The prayer meeting and food waste

Here’s a helpful way to understand the role of the mid-week prayer meeting in the life of the church. 

It’s there to stop food waste. 

In the UK, 9.5 million tonnes of good food is thrown away every year – even though 8.4 million people in the UK are classified as in “food poverty”. What a waste! Closer to home, you might know the feeling of a forgotten, unopened bag of salad in the fridge which went off. Or maybe, for some reason, you’ve found yourself scraping a carefully prepared dinner into the bin; it’s a real disappointment. 

Well, the prayer meeting’s role is to stop food waste, but I’m not talking physically, but spiritually.  The function of the church prayer meeting is to stop the food that God gave us on Sunday going off, and being unused! 

What God gives us on Sunday is food. It’s spiritual nutrition. And it’s designed to be our major spiritual input of the week. Of course, we supplement it daily with our private and family intake of God’s word; but Sunday is our main feeding time. When the word of God is preached, Hebrews 5 calls it either “milk” or “solid food”. But either way, God’s word is designed to make us grow. And what he gives us in his word on Sundays is goodfood. That doesn’t mean the sermons themselves are always brilliant. But the food content is good. Sunday by Sunday you’re served the gospel of grace. You hear about faith and repentance in the Lord Jesus Christ. Hebrews 13:9 says: “Don’t be led away by diverse and strange teachings, for it is good for the heart to be strengthened by grace, not by foods, which have not benefited those devoted to them”. So, your ministers try not to serve you ultra-processed foods on Sunday, with artificial flavours and additives. We want to feed you spiritual food that will do you good. On Sunday night, it’s like we head home from church with our shopping bags, stuffed with good food from God. 

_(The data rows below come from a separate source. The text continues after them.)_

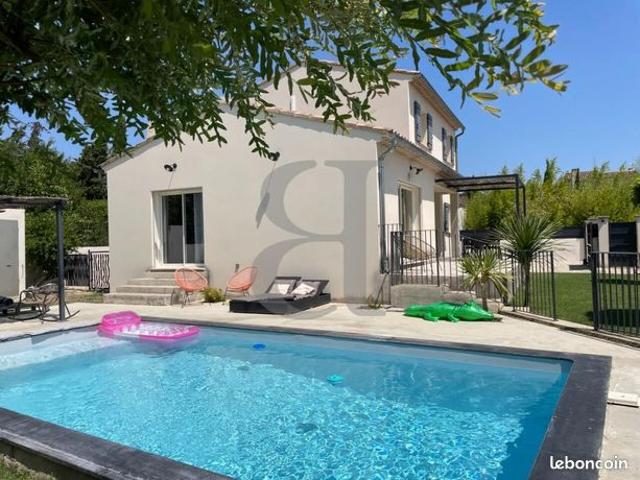 Maison vente à Sainte-cécile-les-vignes
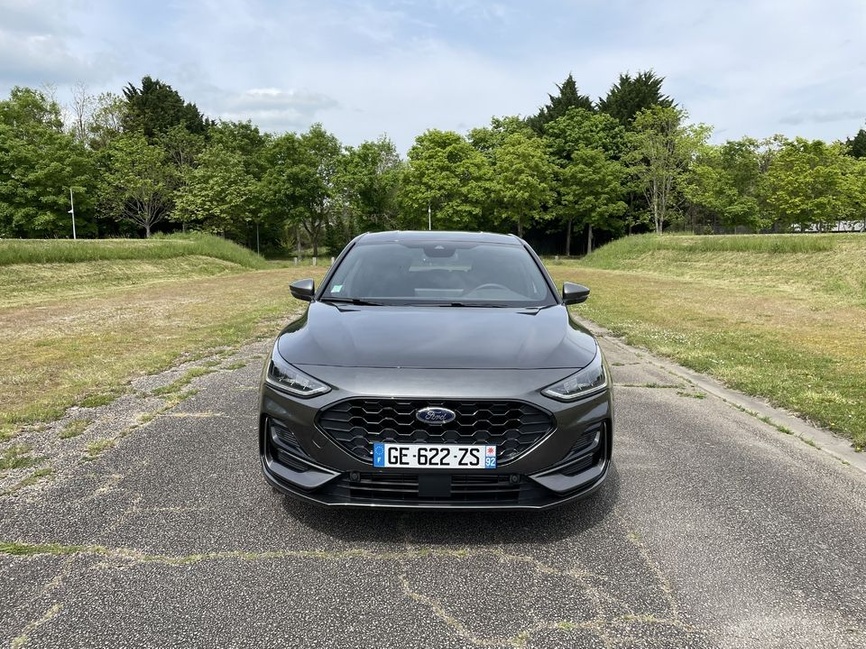 Ford Focus ST-Line X Flexifuel - Profil latéral complet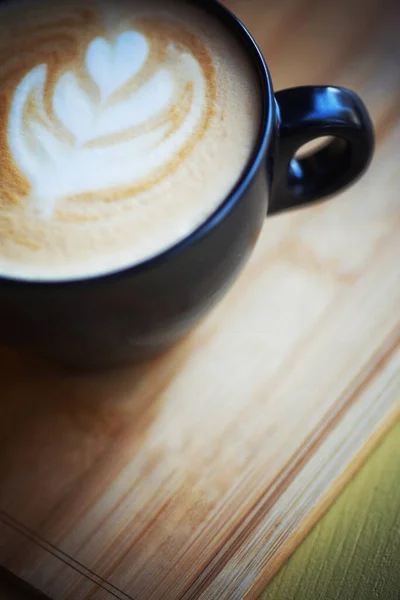 Cappuccino Caldo Tazza Posto Vassoio Legno Caffetteria Retrò — Foto Stock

And the question is: what are we going to do with it? Will we just let it go to waste? Will we just forget about it, and snack the rest of the week on other foods we find lying around? 

James 2:22 says: “be doers of the word, and not hearers only, deceiving yourselves”. That is a description of spiritual food-waste, isn’t it? Notice, James says this food waste isn’t something conscious. It’s not as though we deliberately think: “right, God gave me this bottle of milk, and I’m consciously going to leave it in the fridge, and let it go off”. That’s not what happens. No, we “deceive ourselves”. We don’t notice that we’re wasting God’s food. We don’t notice that we’re only hearing it, and stopping there; we don’t notice that it’s not changingus, and being acted upon. 

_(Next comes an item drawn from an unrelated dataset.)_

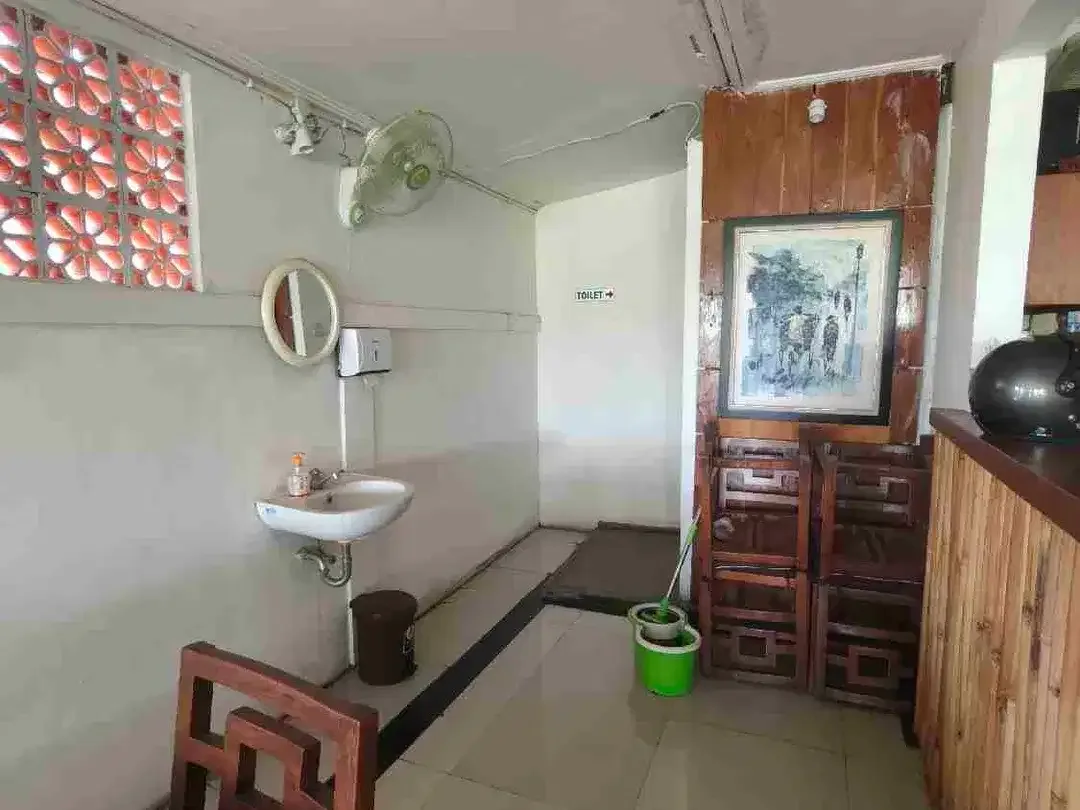 BUC over kontrak resto Masih operasi fully furnished strategis lingkungan villa bebas banjir - Image 2 of 10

So, part of prayer meeting’s role is to go back to the food from Sunday, to thank God for it, to reflect on what we’ve done with it, and what we’re still going to do with it. To change the food metaphor slightly: Tuesday (when we have church prayer meeting) is an opportunity to digest Sunday. Mentally, it’s really helpful for us to make the connection between Sunday and Tuesday. Tuesday is a different meeting, but it’s not to have a different agenda. Our agenda in prayer is to be set by the agenda of Sunday. It’s like on Sunday the food goes into the church’s mouth, hopefully it’s chewed over, after the service in conversations over coffee; on Sunday it’s swallowed, but on Tuesday it moves deeper down into the church’s digestive system, and at prayer meeting the word preached is prayed through; it’s absorbed. Through prayer, the Holy Spirit moves the nourishment of the Word into our bloodstream as a church. 

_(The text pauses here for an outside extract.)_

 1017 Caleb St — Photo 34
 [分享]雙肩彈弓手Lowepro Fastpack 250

If you think of our relationship to God as a conversation, it’s like on a Sunday, God speaks to us collectively, and on Tuesday we collectively speak back to him. But imagine a conversation in which there’s no connection between what God says to us and what we say back to him. We’ve probably all been in “conversations” like that! It isn’t really a dialogue, but two monologues! See, if the word preached on Sundays isn’t affecting the prayers prayed on Tuesday, what does that show? It shows we’re not really listening to him; we’re being “hearers only”. 

So, what we ask God for as a church should change in light of what is preached. What we hear on Sundays should affect what we pray for on Tuesdays. This is why our prayers at prayer meeting are so revealing. They show what it is we really, really want as a congregation. They reveal what makes us tick as a church. And what we really want needs to be continually shaped by what God says to us in the preaching of the gospel. The point is to let the word shapedirect, correct, and train our prayers. I think when, together, we begin to grasp this connection between the word preached and the prayers prayed it’s a very exciting, healthy thing. It gives the prayer meeting a spiritual chemistry, because as a body we’re being nourished by the Word in much deeper ways than we otherwise would. 

So, what is prayer meeting doing in the life of the church? It’s there to stop food waste; it’s the place where collectively we get to pray through what God has said to us in the preaching of the Word, asking him to bring its truth to bear on our congregation, neighbourhood, and world. The congregational prayer meeting is the place of spiritual digestion.